The Bell scandal has put public payrolls in the spotlight.
That’s why the Pacific Coast Business Times has connected the dots up and down the Tri-County region, with a comprehensive survey on city manager and county executive officer pay.
Our survey was conducted over the past few weeks under the direction of Executive Editor Tony Biasotti. It is fair and factual.
What we found was that there is often very little logic to the pay for city managers compared to the size of their cities or their locations. Nor was there much logic to the level of benefits any two city managers from comparable cities received. Some cities give their top executives tens of thousands of dollars a year in deferred compensation — in addition to their already generous pensions — while others don’t have deferred compensation at all.

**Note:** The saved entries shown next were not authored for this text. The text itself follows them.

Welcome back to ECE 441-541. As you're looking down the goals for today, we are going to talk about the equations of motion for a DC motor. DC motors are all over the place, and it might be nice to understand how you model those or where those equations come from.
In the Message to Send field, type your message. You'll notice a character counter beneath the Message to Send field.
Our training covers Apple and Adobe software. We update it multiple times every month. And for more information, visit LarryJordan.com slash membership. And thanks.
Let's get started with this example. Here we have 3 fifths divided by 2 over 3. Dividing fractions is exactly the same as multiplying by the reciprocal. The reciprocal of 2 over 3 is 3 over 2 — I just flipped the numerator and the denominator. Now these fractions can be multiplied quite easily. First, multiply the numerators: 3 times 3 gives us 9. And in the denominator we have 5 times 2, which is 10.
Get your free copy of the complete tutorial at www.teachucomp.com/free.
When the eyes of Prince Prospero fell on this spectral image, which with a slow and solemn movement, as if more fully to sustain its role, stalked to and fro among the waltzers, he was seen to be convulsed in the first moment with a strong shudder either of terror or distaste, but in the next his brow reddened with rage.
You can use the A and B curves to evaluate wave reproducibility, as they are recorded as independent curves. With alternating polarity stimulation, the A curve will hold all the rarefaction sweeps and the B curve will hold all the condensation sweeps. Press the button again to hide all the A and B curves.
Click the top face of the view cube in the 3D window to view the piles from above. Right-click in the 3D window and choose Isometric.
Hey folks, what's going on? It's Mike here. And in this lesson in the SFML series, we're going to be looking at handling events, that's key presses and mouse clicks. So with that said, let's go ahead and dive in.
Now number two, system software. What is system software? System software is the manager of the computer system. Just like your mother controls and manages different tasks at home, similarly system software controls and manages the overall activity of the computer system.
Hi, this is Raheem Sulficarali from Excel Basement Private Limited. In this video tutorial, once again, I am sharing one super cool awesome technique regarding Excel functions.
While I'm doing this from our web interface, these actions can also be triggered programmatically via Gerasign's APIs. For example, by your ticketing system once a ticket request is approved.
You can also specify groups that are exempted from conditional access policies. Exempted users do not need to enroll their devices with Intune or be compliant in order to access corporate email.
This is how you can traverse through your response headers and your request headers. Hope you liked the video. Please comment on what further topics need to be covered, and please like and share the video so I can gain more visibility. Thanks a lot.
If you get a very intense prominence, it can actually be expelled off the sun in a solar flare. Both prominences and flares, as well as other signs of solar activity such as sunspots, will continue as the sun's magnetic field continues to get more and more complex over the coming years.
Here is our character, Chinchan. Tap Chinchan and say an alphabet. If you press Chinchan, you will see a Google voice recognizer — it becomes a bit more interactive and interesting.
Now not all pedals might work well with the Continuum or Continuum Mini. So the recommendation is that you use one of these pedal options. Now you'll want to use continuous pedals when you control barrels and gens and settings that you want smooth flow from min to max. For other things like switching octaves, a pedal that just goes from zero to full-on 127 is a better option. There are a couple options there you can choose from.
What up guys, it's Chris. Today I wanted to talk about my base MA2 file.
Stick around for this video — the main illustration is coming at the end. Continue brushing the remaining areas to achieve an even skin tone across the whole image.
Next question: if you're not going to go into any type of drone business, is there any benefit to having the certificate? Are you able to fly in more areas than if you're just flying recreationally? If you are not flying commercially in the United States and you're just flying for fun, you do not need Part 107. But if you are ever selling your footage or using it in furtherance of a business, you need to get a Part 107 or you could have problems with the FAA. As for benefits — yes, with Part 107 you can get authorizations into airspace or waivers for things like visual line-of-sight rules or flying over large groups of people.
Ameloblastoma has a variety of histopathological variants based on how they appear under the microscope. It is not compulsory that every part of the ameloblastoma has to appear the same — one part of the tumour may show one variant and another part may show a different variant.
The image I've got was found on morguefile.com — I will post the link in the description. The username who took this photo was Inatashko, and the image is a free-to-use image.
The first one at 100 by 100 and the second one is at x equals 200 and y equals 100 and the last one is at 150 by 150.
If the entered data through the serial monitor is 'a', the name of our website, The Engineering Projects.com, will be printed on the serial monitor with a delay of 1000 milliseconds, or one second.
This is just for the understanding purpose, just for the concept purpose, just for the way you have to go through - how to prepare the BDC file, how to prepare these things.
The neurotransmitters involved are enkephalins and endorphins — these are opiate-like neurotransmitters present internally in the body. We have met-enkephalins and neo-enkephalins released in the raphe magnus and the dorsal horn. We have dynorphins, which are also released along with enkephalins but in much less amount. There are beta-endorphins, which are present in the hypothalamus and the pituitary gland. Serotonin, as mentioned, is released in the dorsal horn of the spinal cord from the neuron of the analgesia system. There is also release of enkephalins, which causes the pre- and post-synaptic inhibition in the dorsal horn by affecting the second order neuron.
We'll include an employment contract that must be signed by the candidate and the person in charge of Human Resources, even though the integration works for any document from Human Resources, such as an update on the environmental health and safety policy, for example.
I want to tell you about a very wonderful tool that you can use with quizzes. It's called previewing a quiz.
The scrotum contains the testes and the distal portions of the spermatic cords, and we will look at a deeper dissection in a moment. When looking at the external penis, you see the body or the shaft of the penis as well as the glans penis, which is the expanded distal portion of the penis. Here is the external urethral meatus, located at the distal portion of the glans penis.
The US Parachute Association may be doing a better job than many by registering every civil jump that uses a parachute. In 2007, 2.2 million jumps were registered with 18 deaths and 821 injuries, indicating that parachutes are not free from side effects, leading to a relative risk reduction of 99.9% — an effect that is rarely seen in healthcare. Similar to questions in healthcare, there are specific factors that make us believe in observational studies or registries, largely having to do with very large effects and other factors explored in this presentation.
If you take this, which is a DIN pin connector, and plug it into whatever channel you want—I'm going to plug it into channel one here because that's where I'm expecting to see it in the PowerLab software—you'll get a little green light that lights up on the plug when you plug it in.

A number of bills are working through the Legislature to “reform” various aspects of executive pay in the public sector. We’d point to two things that need to be done:
1. The rules on transparency and disclosure need to be tightened. Public official pay is a public matter and there ought to be an easy way for ordinary citizens and the public to know what the total compensation of their executives really is. Responses to media or citizen requests for this information, even from out of town or out of state, ought to be a matter of clicks and minutes, and not lengthy correspondence that takes weeks. Longtime political observer Herb Gooch of California Lutheran University warns that perks are easy to shield from voters because they are harder to understand.
2. There is a dangerous tendency for city manager pay to ratchet up sharply as people move from location to location. This leapfrogging of compensation — sometimes at a 20 percent to 30 percent clip — has put the pay for new managers at small communities out of whack with that of established managers at larger communities. Some of this is justified in that the job of city manager can carry a lot more responsibility in some communities than others. The cost of living also varies from city to city. But given the state’s dire fiscal condition, the inflation in city manager pay does have echoes of what happened to CEO pay in financial services right up to the time that the banking industry collapsed.
Nobody wants to stop job candidates and municipalities from engaging in private negotiations to secure the best fit at the best price. And nobody wants to stop a superstar city manger from getting fair compensation.
But greater transparency, and perhaps a greater linking of pay to city performance, would start to put executive pay in the public sector on a sounder fiscal track.